- Exercise details: Go to the line below containing "marguerites au soleil" and print exactly from there through the line containing "Boy with his", both included. Print nothing else.

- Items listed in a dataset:

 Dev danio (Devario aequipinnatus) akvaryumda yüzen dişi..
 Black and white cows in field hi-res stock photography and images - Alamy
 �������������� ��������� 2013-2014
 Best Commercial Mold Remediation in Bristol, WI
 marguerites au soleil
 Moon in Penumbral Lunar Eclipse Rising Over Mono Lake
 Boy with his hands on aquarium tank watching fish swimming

* * *

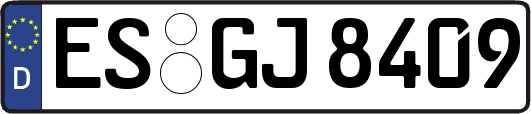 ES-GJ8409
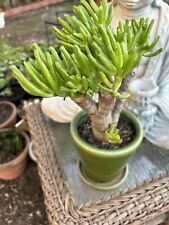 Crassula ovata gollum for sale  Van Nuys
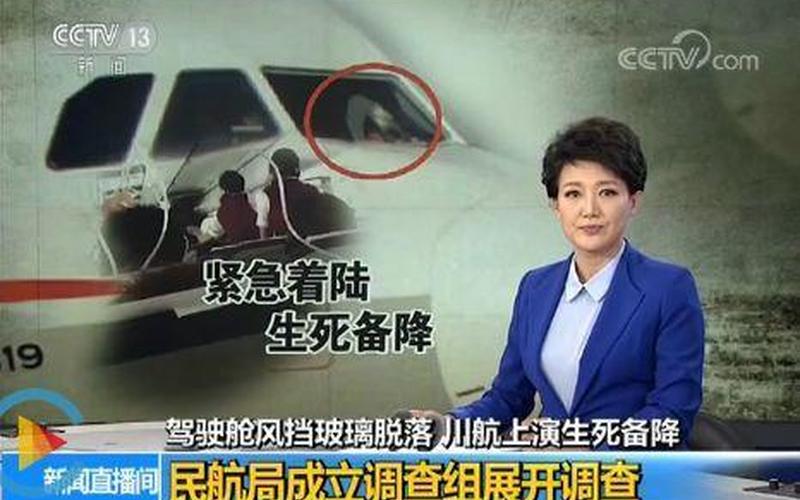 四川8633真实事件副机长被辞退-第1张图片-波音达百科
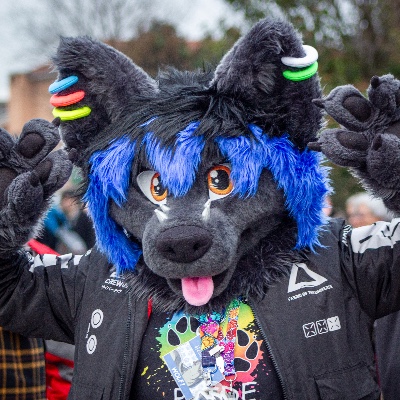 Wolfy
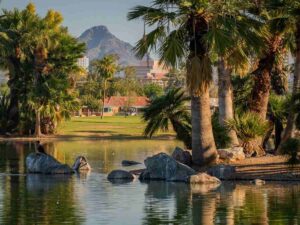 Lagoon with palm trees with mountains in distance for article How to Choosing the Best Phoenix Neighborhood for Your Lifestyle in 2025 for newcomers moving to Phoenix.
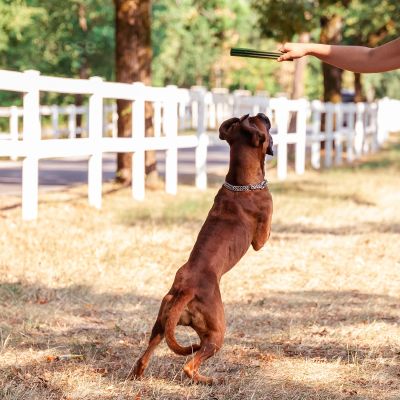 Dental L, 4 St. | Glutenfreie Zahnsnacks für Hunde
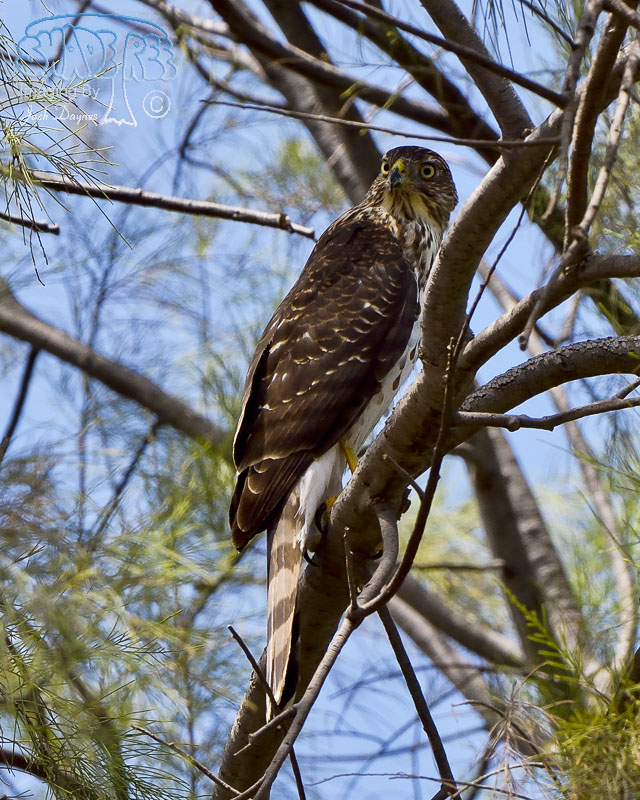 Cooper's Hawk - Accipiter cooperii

- Task response:
 marguerites au soleil
 Moon in Penumbral Lunar Eclipse Rising Over Mono Lake
 Boy with his hands on aquarium tank watching fish swimming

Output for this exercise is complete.